Hi RIU, I'm HowzerMD. This round I've got God Bud, The Black, G-13 and two Blue dream Haze. I'm working with clones I bought at a dispensary, however, in the mean time have Pineapple Wreck, God Bud and Grandaddy Purple seeds germinating. I'll be selecting mothers from those to go in their own space and supply the next round after this. I've got a few touch ups and minor BS to do on the cabinet but it's complete.Fox Farm ocean forest soil and the Fox Farm trio nutrient line up. I've got a 400 watt lumatek switchable and dimmable ballast, 6" hydrofarm daystar reflector cooled by an activeair 465cfm blower on a variable speed control(dialed in to about 2/3 power) with an inline booster on the exhaust to help out.

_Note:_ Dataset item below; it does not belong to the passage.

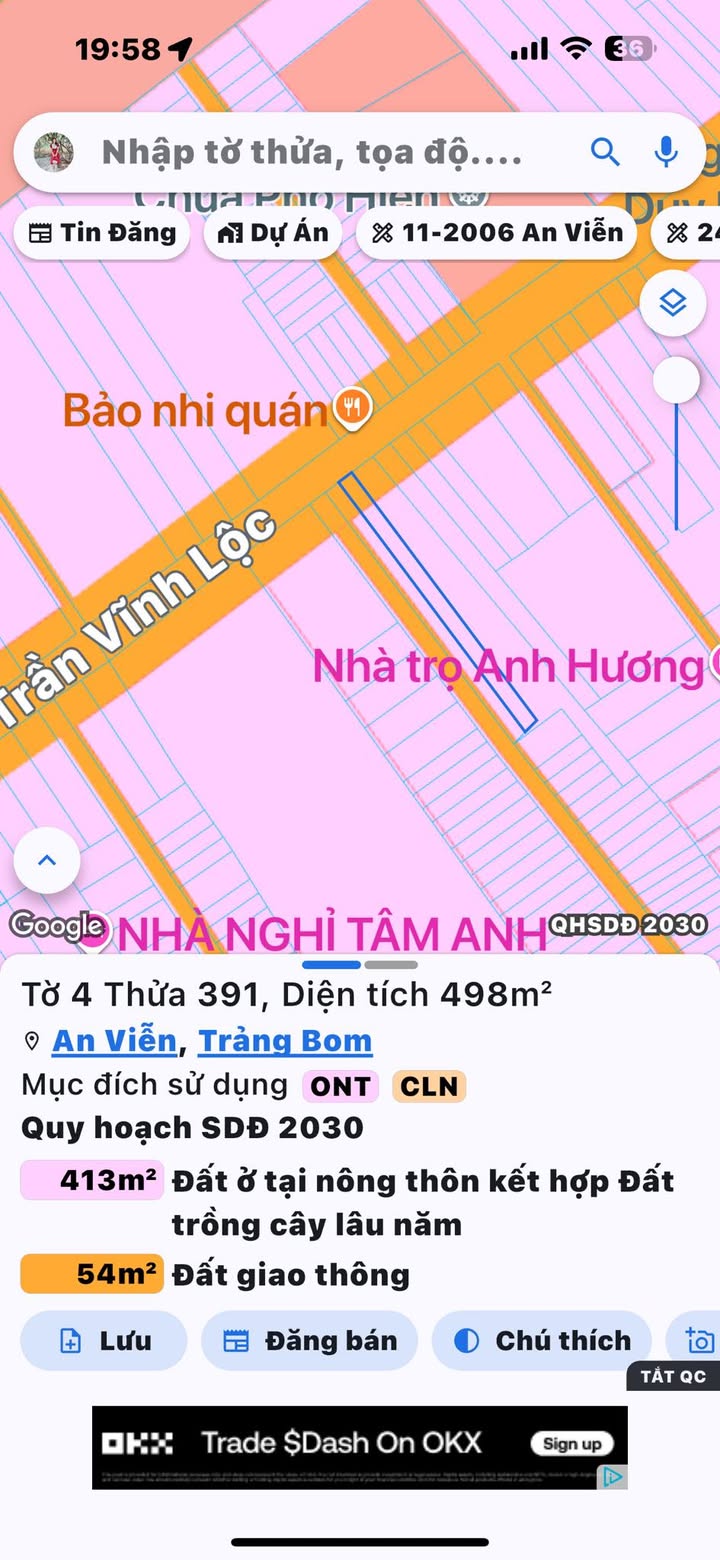 Đất Mặt Tiền 498m² An Viễn, Trảng Bom - Sổ Riêng Giá Tốt
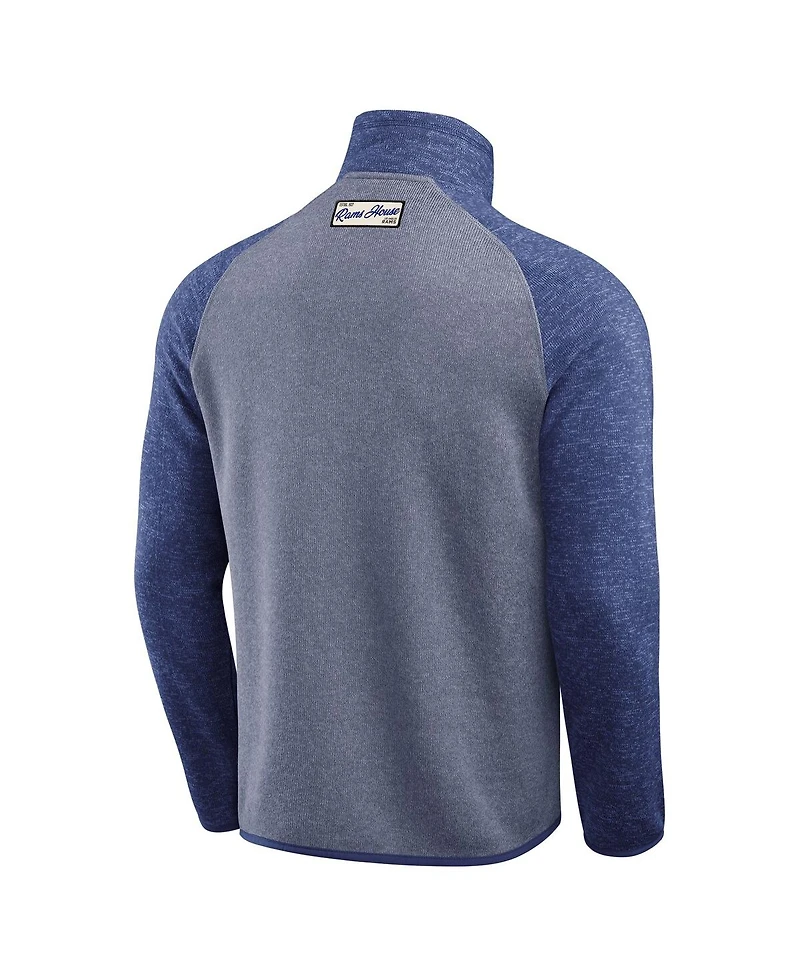 Fanatics Men's Blue Los Angeles Rams Tonal Quarter-Zip Jacket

That setup is on a heavy duty grounded industrial mechanical timer, and a pair of axial fans running 24/7 for air exchange in the cab. The whole thing is a frame built of 2x4's and 1/4" plywood skin, the top and bottom plates are 5/8" plywood for greater over-all rigidity of the cabinet and easier mounting of accessories. I went with white paint instead of buying rolls of reflective material because it's what I had, I could cover the interior AND exterior with it, and in my god-honest opinion it's just as effective in most circumstances. I haven't put the door on yet, so there's a big sheet of panda poly stuck up there for the time being. Here's the photos. Updates weekly.


----------



## teddy2010 (Jul 29, 2010)

i like ur setup m8, very nice


----------



## HowzerMD (Jul 29, 2010)

teddy2010 said:


> i like ur setup m8, very nice


Thank you. This round is going to be pretty good, you should keep an eye on things.


----------



## HowzerMD (Aug 2, 2010)

All the girls have packed on lots of new foliage. The Blue Dream Haze are the two in the back, God Bud front left, G-13 front center and The Black front right. G-13 has more picking up to do to catch up, but she's moving fast. By far the smallest clone with the least foliage, but it was the last G-13 at the dispensary and I wanted it bad. Look at my first post for contrast between day one and now. It's past beer-thirty and I'm also way over due for my end day joint. Have a nice one.


----------



## HowzerMD (Aug 7, 2010)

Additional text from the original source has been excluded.